The Lunar New Year is a time of feasting and family gatherings. It’s also a time for new movies. China’s Lunar New Year film rush is on par with the holiday film rush in the West, with dozens of premieres jockeying to be the season’s number one blockbuster. In the Chinese queue for this year are films like Donnie Yen’s Kung Fu fantasy Sakra, The Wandering Earth II, the prequel to China’s visionary 2019 sci-fi, and the eagerly anticipated action comedy, Everything Under Control.
It often takes a few months for new Chinese films to cross the pond to the West, and they seldom get theatrical showings. However, Western theaters are becoming increasingly aware of the drawing power of the Lunar New Year and have begun to showcase some special releases in honor of the holiday. This year the U.S. market is treated to a limited theatrical release of New Gods: Yang Jian. It’s an animated epic based on an ancient tale that’s also part of a visionary new franchise known as the New Gods Universe. Based on the ancient myths of China, the New Gods Universe imagines beloved legendary heroes and villains in a steampunk world.

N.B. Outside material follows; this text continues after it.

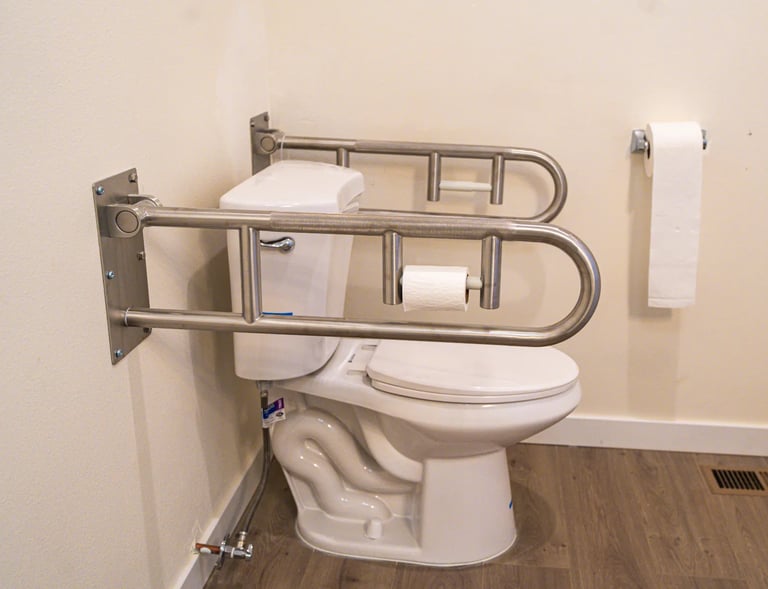 Accessible washroom in adult family home with grab bars, sink, and non-slip flooring.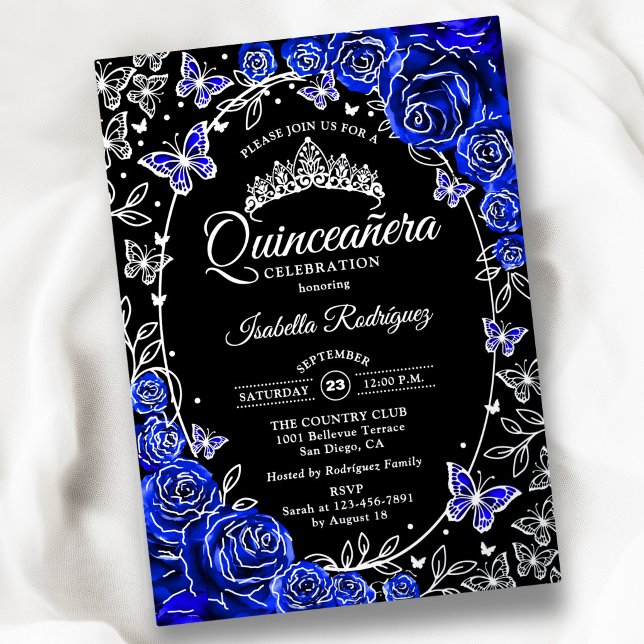 Royal Blue Silver Black Roses Quinceanera (Creator Uploaded)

Yang Jian is a character extracted from two 16th century epic novels: The Investiture of the Gods, attributed to Xu Zhonglin, and Journey to the West, which is attributed to Wu Cheng’en. Like Homer’s Odyssey, deities meddle in human affairs in these tales, and the world is full of supernatural beings, demons, and magic. The Investiture of the Gods is set at the fall of the Shang Dynasty (1045 BCE) and the successive rise of the Zhou Dynasty. Some of the characters, like the King of Zhou, are based on historical figures. But in this telling, deities and demons play a hand in the transition, reminiscent of Arthurian legend. Journey to the West is about the Monkey King and his quest to protect his master, the monk Xuanzang, as they retrieve the Buddhist sutras from India (the west) to bring them to China. Xuanzang was also a real historical figure.
To welcome the release, we’ve unpacked New Gods: Yang Jian as well as some related Chinese fantasy films based on traditional legends.
New Gods: Yang Jian (2022)
New Gods: Yang Jian premiered in China last August and has only just made its way to the West in time for Lunar New Year. It is the fourth installment of a burgeoning New Gods universe from Light Chaser Animation Studios. Yang Jian (also known as Erlang Shen) is the nephew of the Jade Emperor, who rules Heaven in Chinese mythology. And Yang Jian’s mother defied Heavenly Law by marrying a human. As punishment, she was imprisoned under a mountain, and it became Yang Jian’s mission to free her.
To understand the Light Chaser’s New Gods universe, and the parallel rival Fengshan universe, let’s go back to Light Chaser’s beginning.
Little Door Gods (2016)
Light Chaser Animation Studios launched with the film Little Door Gods. This was another animated myth-based story about the divine guardians used as folk talismans. From temples to private homes, Chinese buildings often have images of two guardian warriors flanking their front door. In Little Door Gods, the two guardians Yu Lei and Shen Tu are confronted with becoming obsolete because human technology has usurped their usefulness. It’s unrelated to what would become Light Chaser’s own New Gods Universe.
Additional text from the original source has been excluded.